- _TASK REQUIREMENTS_:
Through to the final line, write out the records below exactly, omitting any images they contain.

Short descriptive text snippets:

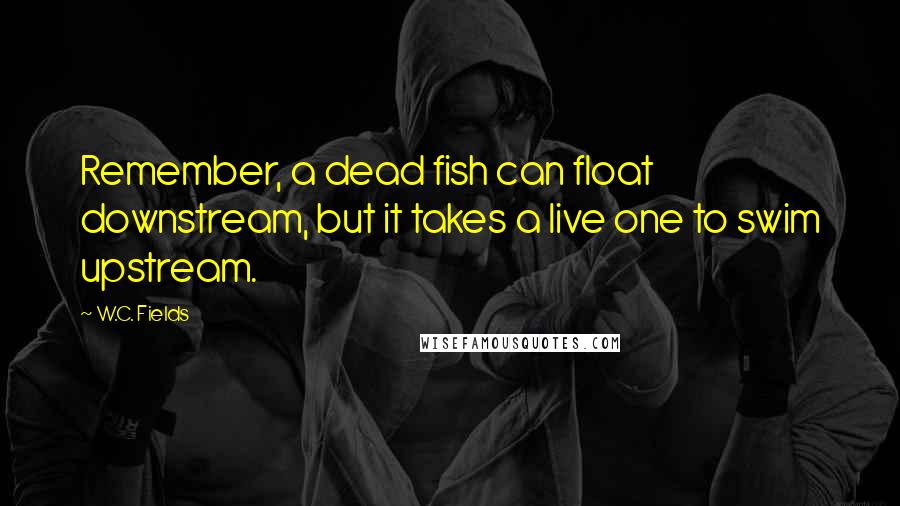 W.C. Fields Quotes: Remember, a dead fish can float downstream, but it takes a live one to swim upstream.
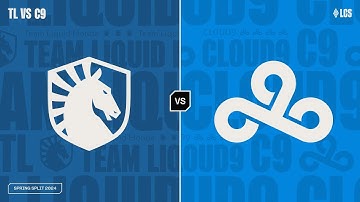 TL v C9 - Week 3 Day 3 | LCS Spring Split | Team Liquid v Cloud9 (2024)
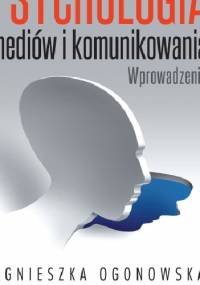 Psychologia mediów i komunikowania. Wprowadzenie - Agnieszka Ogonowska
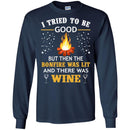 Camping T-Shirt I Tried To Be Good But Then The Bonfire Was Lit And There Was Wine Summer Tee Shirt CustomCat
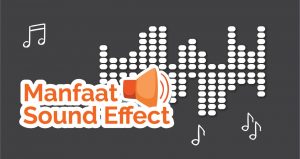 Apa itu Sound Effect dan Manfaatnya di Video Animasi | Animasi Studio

- _REPLY TO THE EXERCISE_:
 W.C. Fields Quotes: Remember, a dead fish can float downstream, but it takes a live one to swim upstream.
 TL v C9 - Week 3 Day 3 | LCS Spring Split | Team Liquid v Cloud9 (2024)
 Psychologia mediów i komunikowania. Wprowadzenie - Agnieszka Ogonowska
 Camping T-Shirt I Tried To Be Good But Then The Bonfire Was Lit And There Was Wine Summer Tee Shirt CustomCat
 Apa itu Sound Effect dan Manfaatnya di Video Animasi | Animasi Studio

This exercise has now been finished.